Maybe I'm being just a little dramatic.
My youngest daughter is in the process of applying to an Early College program. If things go the way she has planned, in the fall, my home will be empty during the day. If she gets in (and chances are very good that she will) I will no longer be able to introduce myself as a "homeschooling mom". Cue the imminent identity crisis... or the killer mid-day party. I haven't decided which.
She is a very goal-oriented person, in spite of only being thirteen. She wants to get into this program something fierce, so she is tackling every aspect of the application process with everything she has. This week she was called into the school for an interview. A bundle of nerves and anxiety, she asked me to help her prepare. So, we ran some mock interviews in the living room with me asking her some generic questions I thought the school staff might ask her.
"What do you do in your spare time?"
Seems like a pretty standard interview question, right? Maybe not for the average homeschooler.
She gave me several seconds of a blank stare, before she screwed up her face in frustration.
"I don't really do anything. Sometimes I read or watch TV."
Which left me giving her my own confused blank stare.
"What about karate? What about mixed martial arts? What about archery tournaments and volunteering with kitten rescue and fishing in the river?" She is an incredibly active teenager. I couldn't figure out why she was being so dull and vague with her answer.
"But Mom, that isn't spare time."
That's when I realized that her definition of "spare time" and mine are very different. To me, and probably any interviewer, spare time would be any activity she does that isn't school related.
But that isn't how she sees life, and I think I like her view better. To her, spare time is just the tiny spaces of time between the activities she wants to be doing. Time spent training in martial arts isn't "spare" because it's a necessary investment toward a goal. The same is true of the hours she spends practicing with her bow to prepare for an archery tournament. And fishing and nurturing abandoned kittens isn't "spare time" either. Because she's busy doing things she enjoys.

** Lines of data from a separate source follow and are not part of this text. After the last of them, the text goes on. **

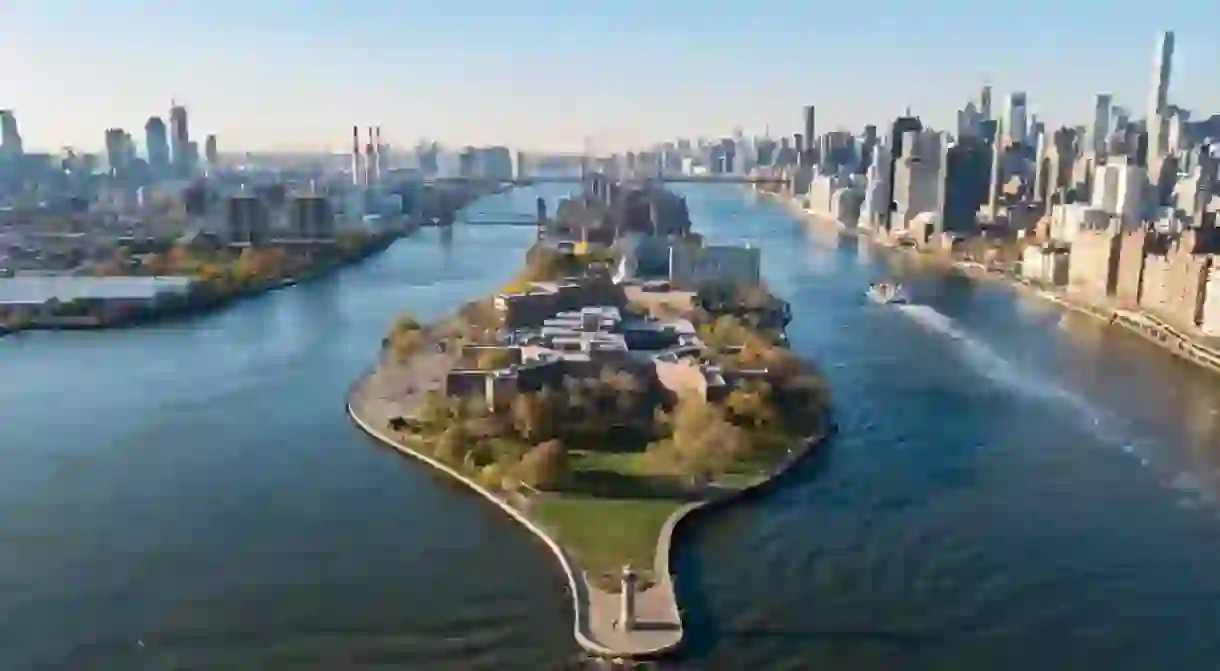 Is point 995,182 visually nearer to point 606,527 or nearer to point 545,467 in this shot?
point 545,467

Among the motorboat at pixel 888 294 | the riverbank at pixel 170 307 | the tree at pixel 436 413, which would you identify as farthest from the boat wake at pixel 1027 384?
the riverbank at pixel 170 307

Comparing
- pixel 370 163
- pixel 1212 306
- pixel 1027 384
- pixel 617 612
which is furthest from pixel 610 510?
pixel 370 163

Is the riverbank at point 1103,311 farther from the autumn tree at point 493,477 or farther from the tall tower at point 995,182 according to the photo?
the autumn tree at point 493,477

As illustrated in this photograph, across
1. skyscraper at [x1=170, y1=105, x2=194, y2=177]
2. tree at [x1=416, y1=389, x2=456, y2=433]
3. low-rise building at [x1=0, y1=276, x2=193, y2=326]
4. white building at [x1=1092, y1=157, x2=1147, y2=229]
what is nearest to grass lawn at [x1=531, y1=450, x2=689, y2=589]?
tree at [x1=416, y1=389, x2=456, y2=433]

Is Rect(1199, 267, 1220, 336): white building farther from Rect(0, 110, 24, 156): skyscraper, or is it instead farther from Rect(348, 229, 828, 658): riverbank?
Rect(0, 110, 24, 156): skyscraper

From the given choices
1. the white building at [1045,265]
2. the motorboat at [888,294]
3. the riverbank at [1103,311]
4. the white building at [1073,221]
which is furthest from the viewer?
the white building at [1073,221] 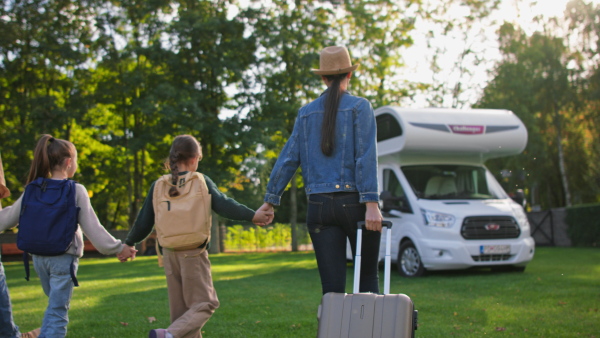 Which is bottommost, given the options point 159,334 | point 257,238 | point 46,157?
point 257,238

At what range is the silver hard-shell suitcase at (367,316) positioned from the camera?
3.46 m

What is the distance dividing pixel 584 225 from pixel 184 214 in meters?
21.4

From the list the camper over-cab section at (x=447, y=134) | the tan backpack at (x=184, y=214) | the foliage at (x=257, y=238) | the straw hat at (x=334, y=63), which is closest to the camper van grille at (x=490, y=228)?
the camper over-cab section at (x=447, y=134)

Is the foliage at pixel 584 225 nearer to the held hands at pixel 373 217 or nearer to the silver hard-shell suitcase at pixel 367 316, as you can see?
the held hands at pixel 373 217

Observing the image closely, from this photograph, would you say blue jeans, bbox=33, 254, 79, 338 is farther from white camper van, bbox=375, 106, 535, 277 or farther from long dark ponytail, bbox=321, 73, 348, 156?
white camper van, bbox=375, 106, 535, 277

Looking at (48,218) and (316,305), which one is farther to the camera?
(316,305)

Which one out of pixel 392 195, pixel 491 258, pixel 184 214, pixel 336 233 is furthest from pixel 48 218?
pixel 491 258

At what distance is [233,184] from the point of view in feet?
91.5

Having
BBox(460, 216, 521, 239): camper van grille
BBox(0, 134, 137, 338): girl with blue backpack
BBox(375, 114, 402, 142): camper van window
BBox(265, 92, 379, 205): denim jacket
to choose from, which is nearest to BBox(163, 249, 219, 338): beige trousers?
BBox(0, 134, 137, 338): girl with blue backpack

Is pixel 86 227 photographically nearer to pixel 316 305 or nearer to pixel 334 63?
pixel 334 63

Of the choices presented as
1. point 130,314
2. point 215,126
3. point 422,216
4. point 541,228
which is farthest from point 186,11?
point 130,314

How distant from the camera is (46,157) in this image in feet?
16.1

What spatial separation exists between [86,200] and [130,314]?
3009mm

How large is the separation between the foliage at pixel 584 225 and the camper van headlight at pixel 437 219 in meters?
12.7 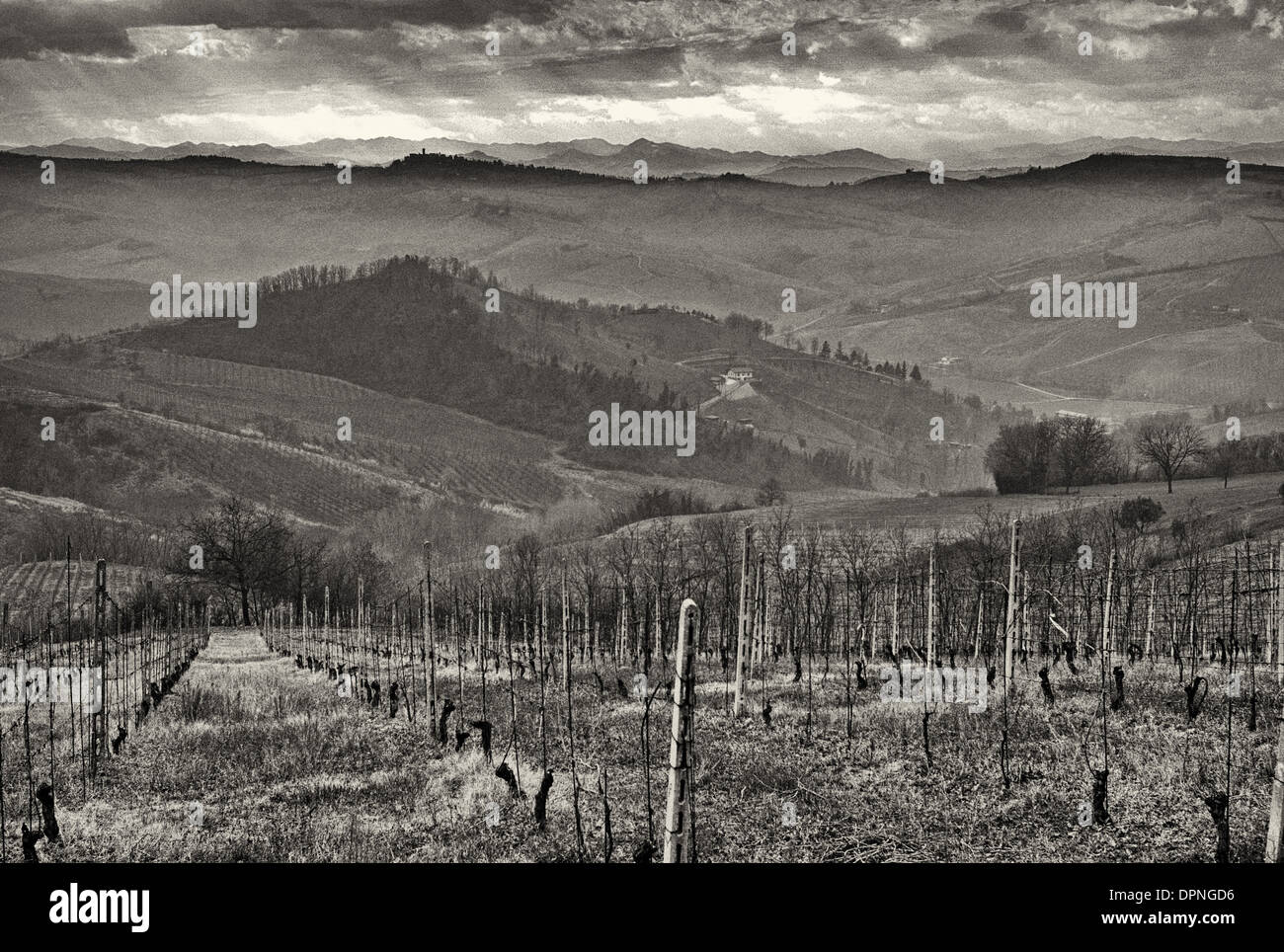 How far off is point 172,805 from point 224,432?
607ft

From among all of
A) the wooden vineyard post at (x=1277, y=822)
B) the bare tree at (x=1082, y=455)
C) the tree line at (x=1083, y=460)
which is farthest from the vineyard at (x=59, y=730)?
the bare tree at (x=1082, y=455)

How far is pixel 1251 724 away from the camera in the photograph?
48.3 ft

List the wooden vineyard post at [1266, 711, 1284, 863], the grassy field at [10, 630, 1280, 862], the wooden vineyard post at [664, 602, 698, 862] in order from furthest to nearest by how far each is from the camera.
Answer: the grassy field at [10, 630, 1280, 862] < the wooden vineyard post at [1266, 711, 1284, 863] < the wooden vineyard post at [664, 602, 698, 862]

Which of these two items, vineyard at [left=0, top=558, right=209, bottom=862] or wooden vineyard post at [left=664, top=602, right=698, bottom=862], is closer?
wooden vineyard post at [left=664, top=602, right=698, bottom=862]

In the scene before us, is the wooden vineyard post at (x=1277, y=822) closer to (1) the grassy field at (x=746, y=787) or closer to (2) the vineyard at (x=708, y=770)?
(2) the vineyard at (x=708, y=770)

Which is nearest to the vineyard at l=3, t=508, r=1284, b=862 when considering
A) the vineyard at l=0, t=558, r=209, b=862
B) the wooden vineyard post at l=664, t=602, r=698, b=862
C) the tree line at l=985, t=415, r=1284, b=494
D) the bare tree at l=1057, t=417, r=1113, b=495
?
the wooden vineyard post at l=664, t=602, r=698, b=862

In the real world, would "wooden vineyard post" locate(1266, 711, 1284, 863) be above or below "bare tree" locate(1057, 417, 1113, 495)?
below

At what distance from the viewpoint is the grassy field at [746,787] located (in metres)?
11.7

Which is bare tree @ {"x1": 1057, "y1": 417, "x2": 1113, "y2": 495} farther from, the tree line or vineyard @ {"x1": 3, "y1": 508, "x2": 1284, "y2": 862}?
vineyard @ {"x1": 3, "y1": 508, "x2": 1284, "y2": 862}

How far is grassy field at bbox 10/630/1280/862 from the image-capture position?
11703 millimetres

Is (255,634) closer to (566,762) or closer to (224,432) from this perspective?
(566,762)

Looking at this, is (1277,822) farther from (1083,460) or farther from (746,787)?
(1083,460)

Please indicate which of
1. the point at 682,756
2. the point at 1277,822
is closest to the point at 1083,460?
the point at 1277,822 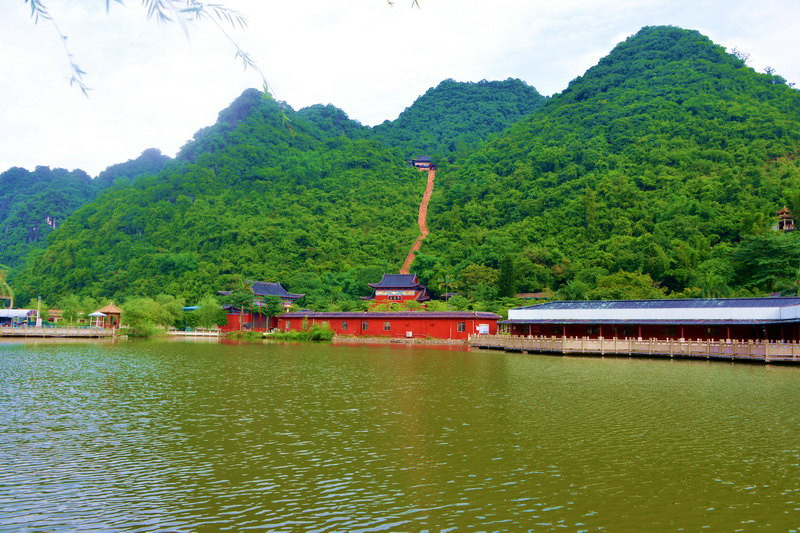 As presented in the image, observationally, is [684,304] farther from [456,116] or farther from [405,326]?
[456,116]

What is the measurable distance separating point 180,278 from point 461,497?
255ft

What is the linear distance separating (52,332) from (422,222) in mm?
65898

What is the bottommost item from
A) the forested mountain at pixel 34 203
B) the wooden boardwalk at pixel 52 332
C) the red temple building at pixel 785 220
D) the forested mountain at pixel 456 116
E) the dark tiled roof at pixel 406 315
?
the wooden boardwalk at pixel 52 332

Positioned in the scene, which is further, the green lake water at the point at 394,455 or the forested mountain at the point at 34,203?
the forested mountain at the point at 34,203

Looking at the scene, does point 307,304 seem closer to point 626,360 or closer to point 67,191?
point 626,360

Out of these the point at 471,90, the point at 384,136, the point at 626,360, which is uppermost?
the point at 471,90

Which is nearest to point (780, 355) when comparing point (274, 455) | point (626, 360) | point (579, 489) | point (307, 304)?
point (626, 360)

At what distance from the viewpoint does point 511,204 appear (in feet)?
296

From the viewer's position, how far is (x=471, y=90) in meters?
161

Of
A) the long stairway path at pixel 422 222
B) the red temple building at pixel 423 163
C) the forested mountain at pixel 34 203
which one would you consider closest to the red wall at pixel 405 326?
the long stairway path at pixel 422 222

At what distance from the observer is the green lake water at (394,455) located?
25.1 ft

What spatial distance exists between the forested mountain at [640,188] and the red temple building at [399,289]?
3.69 metres

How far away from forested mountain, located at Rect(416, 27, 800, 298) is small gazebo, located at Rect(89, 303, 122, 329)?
37.0 m

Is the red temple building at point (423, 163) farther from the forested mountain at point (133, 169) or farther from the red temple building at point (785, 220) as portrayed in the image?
the red temple building at point (785, 220) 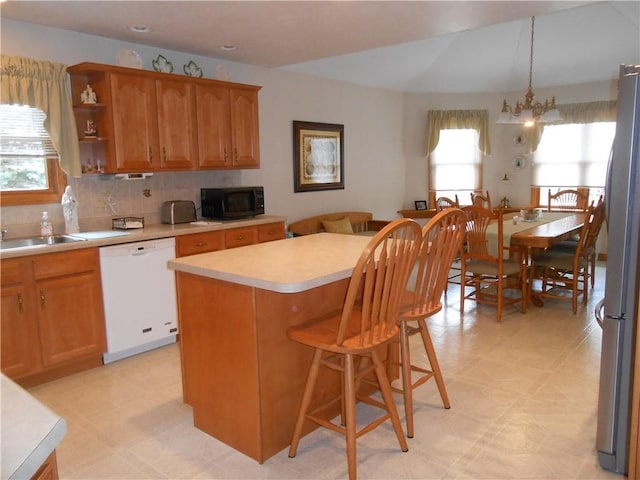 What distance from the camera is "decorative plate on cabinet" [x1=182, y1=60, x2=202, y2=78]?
435 centimetres

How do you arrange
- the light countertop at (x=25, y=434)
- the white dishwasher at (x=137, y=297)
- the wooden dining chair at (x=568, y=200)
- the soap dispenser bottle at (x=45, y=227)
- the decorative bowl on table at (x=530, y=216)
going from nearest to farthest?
the light countertop at (x=25, y=434) < the white dishwasher at (x=137, y=297) < the soap dispenser bottle at (x=45, y=227) < the decorative bowl on table at (x=530, y=216) < the wooden dining chair at (x=568, y=200)

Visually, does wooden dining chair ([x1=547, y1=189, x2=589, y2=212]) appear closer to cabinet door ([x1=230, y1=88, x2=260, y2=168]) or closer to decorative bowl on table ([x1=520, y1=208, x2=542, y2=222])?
decorative bowl on table ([x1=520, y1=208, x2=542, y2=222])

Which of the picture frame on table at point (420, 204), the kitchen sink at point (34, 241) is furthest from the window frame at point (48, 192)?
the picture frame on table at point (420, 204)

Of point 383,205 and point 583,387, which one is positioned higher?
point 383,205

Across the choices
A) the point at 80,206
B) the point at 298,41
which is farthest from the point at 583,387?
the point at 80,206

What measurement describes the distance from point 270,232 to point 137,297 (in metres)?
1.40

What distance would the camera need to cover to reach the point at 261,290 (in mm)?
2207

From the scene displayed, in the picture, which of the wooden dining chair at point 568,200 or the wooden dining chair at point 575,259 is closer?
the wooden dining chair at point 575,259

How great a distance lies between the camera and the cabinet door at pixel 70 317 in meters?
3.15

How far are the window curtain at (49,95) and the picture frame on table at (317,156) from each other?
2517mm

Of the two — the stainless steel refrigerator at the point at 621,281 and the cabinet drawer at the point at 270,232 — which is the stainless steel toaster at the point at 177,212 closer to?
the cabinet drawer at the point at 270,232

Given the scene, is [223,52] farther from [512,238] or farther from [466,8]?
[512,238]

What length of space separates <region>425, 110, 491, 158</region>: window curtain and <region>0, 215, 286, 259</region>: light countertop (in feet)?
11.6

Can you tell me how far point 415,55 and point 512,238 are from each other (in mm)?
3090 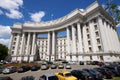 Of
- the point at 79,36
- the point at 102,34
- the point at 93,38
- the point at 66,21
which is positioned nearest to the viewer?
the point at 102,34

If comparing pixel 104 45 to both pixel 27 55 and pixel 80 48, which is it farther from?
pixel 27 55

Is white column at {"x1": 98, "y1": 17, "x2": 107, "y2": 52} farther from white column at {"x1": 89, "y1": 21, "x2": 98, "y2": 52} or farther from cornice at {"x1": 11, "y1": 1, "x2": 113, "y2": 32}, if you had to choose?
cornice at {"x1": 11, "y1": 1, "x2": 113, "y2": 32}

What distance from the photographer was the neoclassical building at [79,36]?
53562 mm

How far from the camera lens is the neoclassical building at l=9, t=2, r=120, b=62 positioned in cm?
5356

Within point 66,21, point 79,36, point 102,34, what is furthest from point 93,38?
point 66,21

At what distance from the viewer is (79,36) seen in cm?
6088

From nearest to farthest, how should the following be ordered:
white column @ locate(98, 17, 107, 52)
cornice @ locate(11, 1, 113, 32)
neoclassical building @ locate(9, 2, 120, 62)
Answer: white column @ locate(98, 17, 107, 52) → neoclassical building @ locate(9, 2, 120, 62) → cornice @ locate(11, 1, 113, 32)

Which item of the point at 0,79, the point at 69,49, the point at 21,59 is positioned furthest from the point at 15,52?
the point at 0,79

It is actually a sad testament to the rest of Society's general mindset that anything outside of work or school is "spare time," as if the only important time is what is used to make money. Or as a minor, it's the time spent in school getting ready for the real world, which is basically prepping you for a career and a job and making money.
Anything else we choose to do as human beings, no matter how magnificent or productive or fulfilling or charitable is just relegated to whatever time we have to spare from our jobs. It's a pathetic mindset, really.
The truth is we don't have any "spare" time. We only have time. And probably not as much of it as we think.
There are so many worthwhile ways to spend our time that don't involve making money or good grades. The time we spend doing the things we love, that make us come alive, that propel us toward excellence in any field, even when it isn't career related... Maybe that time shouldn't be considered just leftover time. It's all just time. A minute spent making a paycheck is just as long as the minute spent reading a book or walking the dog or painting a picture. We shouldn't consider one minute to be any more important than any other.
This week, I'm trying to shift my attitude about time. I want to think more like my young daughter. I want to spend my time doing things that give me joy, make me come alive, propel me toward personal goals. Because that time isn't any different than the time I spend meeting responsibilities, mopping floors, or working a job.
All time is equal.
And there really isn't any time to spare.